DIRECTIONS → Exclude the pictures, then repeat exactly each line from the one containing "Seamless pattern in" to the final line of the records that follow.

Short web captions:
*** Begin section ***

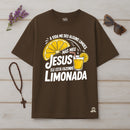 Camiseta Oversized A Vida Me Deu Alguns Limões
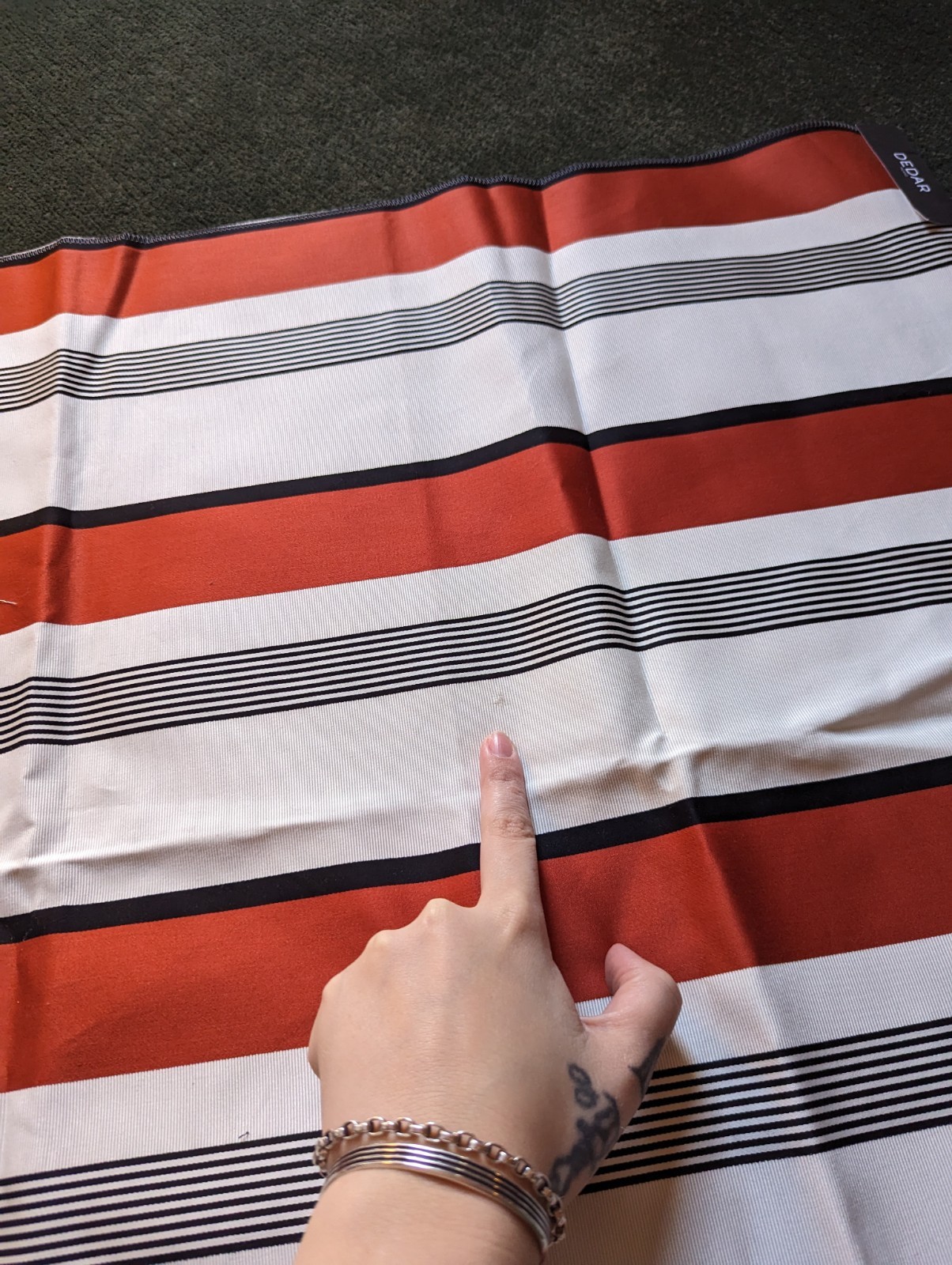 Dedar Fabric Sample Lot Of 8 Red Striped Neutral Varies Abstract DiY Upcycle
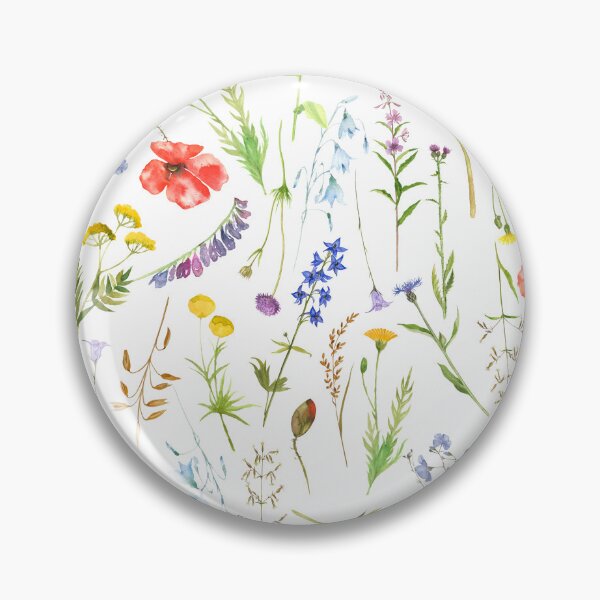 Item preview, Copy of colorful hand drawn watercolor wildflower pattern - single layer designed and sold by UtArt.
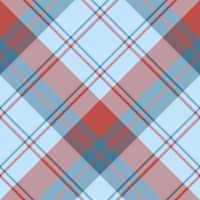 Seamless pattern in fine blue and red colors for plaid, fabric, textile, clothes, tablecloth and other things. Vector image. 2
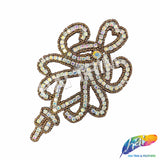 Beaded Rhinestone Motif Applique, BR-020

*** End section ***

SOLUTION TO THIS PROBLEM →
 Seamless pattern in fine blue and red colors for plaid, fabric, textile, clothes, tablecloth and other things. Vector image. 2
 Beaded Rhinestone Motif Applique, BR-020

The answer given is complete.